Scene 1: The Warning Bell

Night fell on Valerious like a guillotine blade.

The sky had been bruised purple all afternoon; now it split open without warning. Thunder rolled low and continuous, the kind that lives inside your ribs. Lightning forked across the Carpathians, illuminating the jagged peaks for split seconds before plunging everything back into black.

Inside the keep, the great hall was lit only by the dying fire and a single oil lamp on the long table. Frederick sat sharpening stakes—silver-tipped ash wood, each one etched with faint Latin prayers. Elizabeth paced the length of the hall, boots echoing on flagstones worn smooth by centuries of Valerious feet.
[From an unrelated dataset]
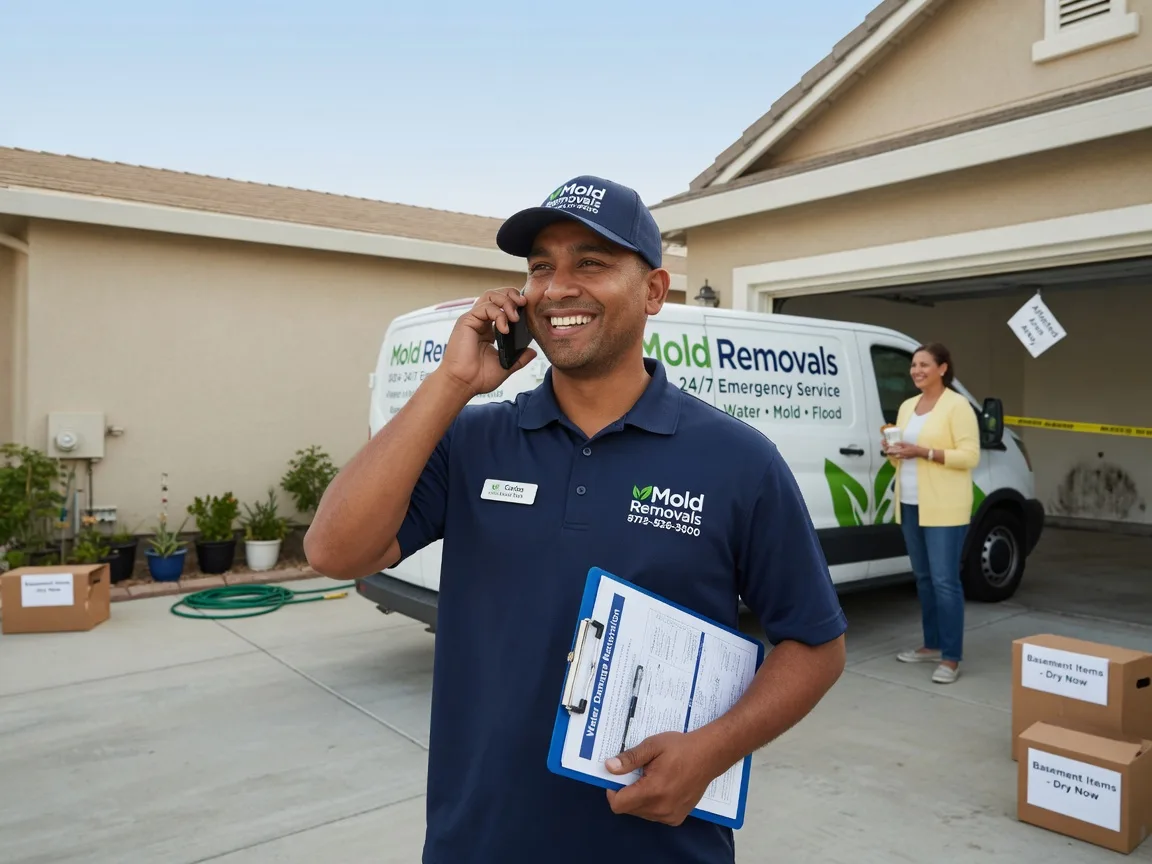 Water Damage Restoration Smithville, GA FAQs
She had changed into lighter fighting gear: a sleeveless leather corset laced tight over a thin linen shirt, dark breeches, and arm bracers studded with small throwing knives. Her long braid swung like a pendulum with each step. She had not spoken to Frederick since their armory confrontation that morning. The silence between them crackled.

A boy—no more than twelve—burst through the side door, soaked and gasping.

"The bell—the outer bell!"

Elizabeth spun. "How many?"

"Three shadows. Coming fast from the east ridge."

Frederick was already on his feet, coat shrugged on, bandolier of stakes and holy-water vials clicking against his chest.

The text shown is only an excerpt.